▸ **Try it**
The whole listing is to be given again without alteration, except that its pictures are dropped.

▸ **Records provided**
--------

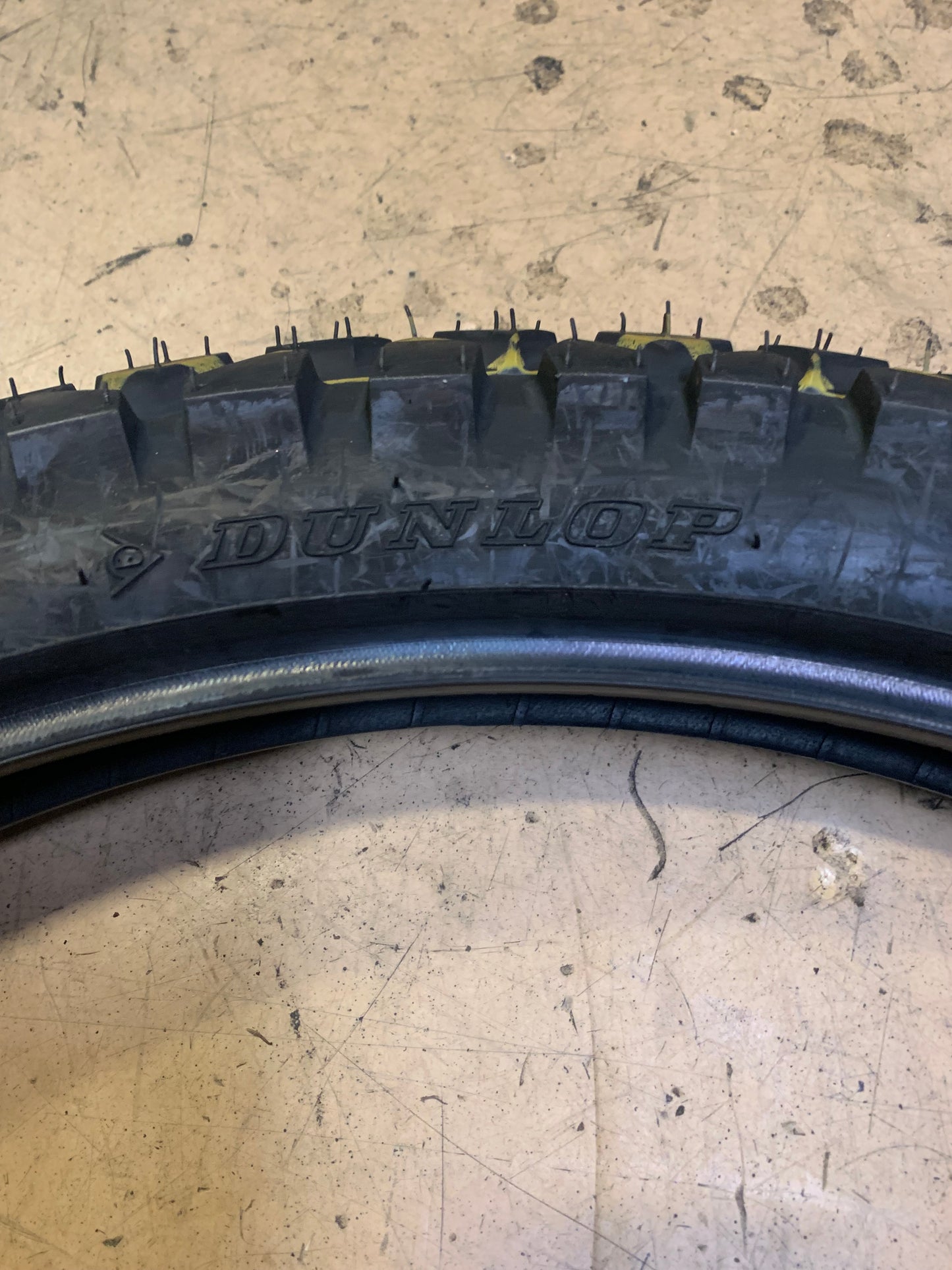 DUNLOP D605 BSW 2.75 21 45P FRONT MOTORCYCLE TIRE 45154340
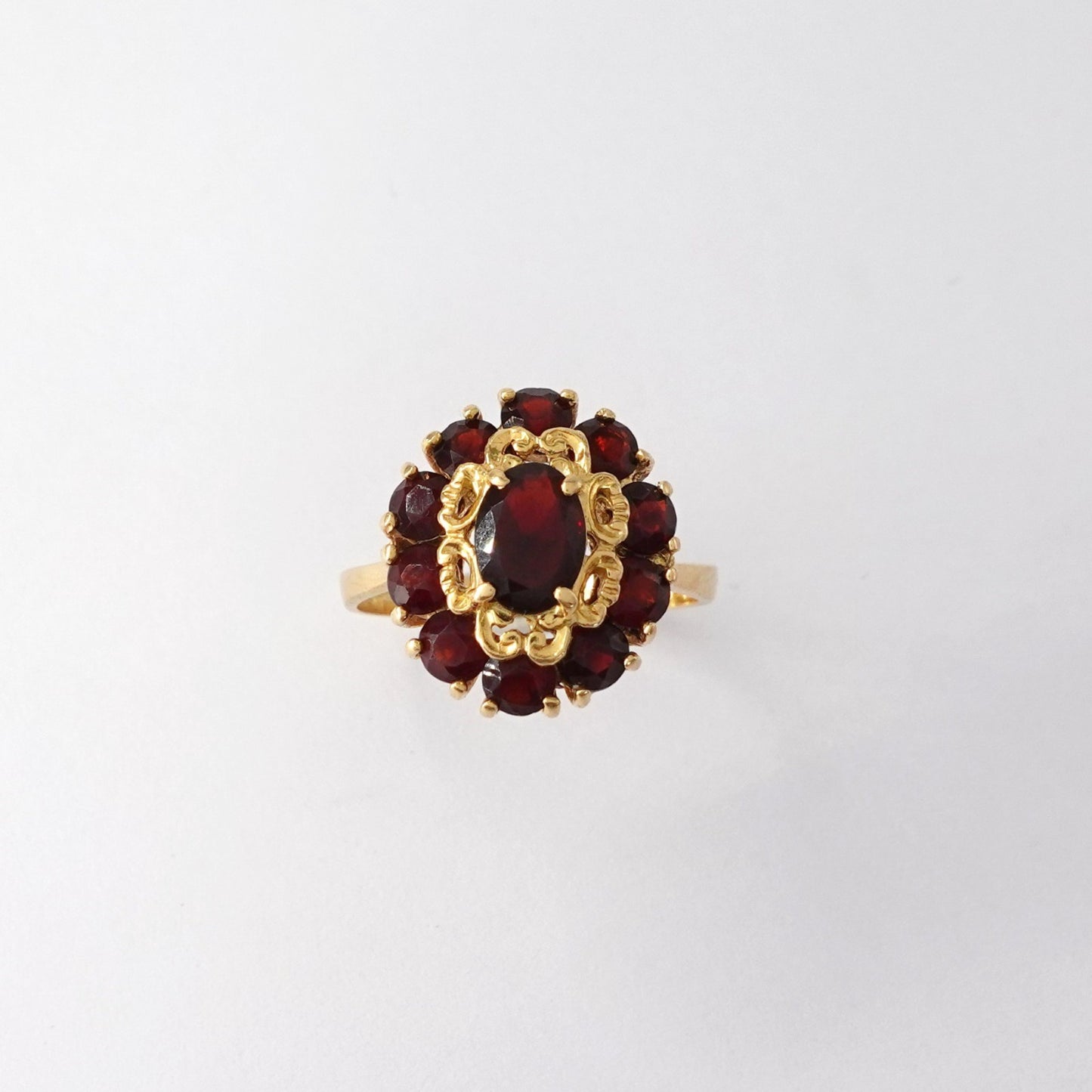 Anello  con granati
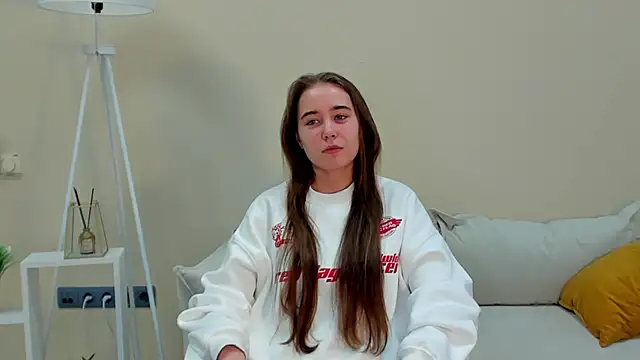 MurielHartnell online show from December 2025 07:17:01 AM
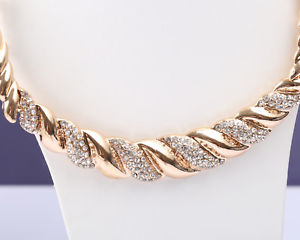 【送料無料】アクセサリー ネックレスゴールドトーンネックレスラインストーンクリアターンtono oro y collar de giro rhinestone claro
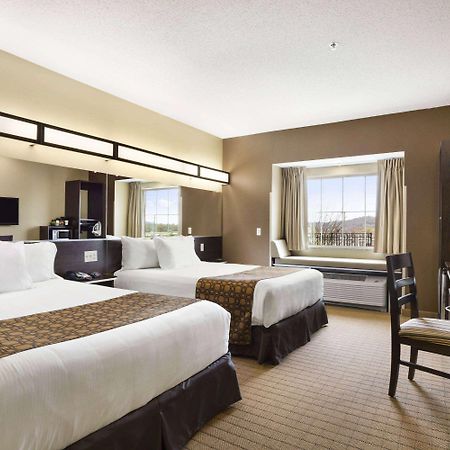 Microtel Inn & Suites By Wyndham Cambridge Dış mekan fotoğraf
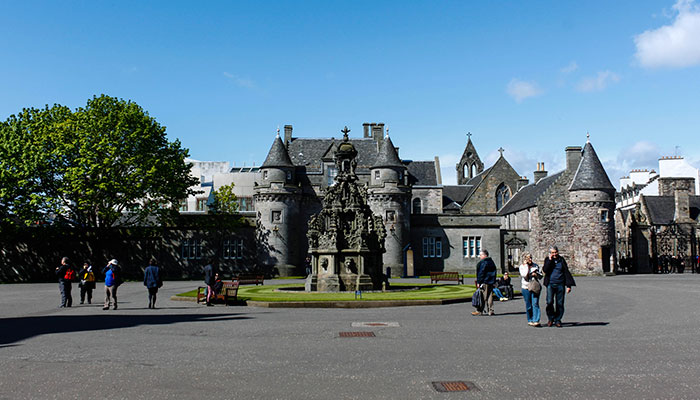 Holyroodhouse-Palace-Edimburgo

--------

▸ **Response**
 DUNLOP D605 BSW 2.75 21 45P FRONT MOTORCYCLE TIRE 45154340
 Anello  con granati
 MurielHartnell online show from December 2025 07:17:01 AM
 【送料無料】アクセサリー ネックレスゴールドトーンネックレスラインストーンクリアターンtono oro y collar de giro rhinestone claro
 Microtel Inn & Suites By Wyndham Cambridge Dış mekan fotoğraf
 Holyroodhouse-Palace-Edimburgo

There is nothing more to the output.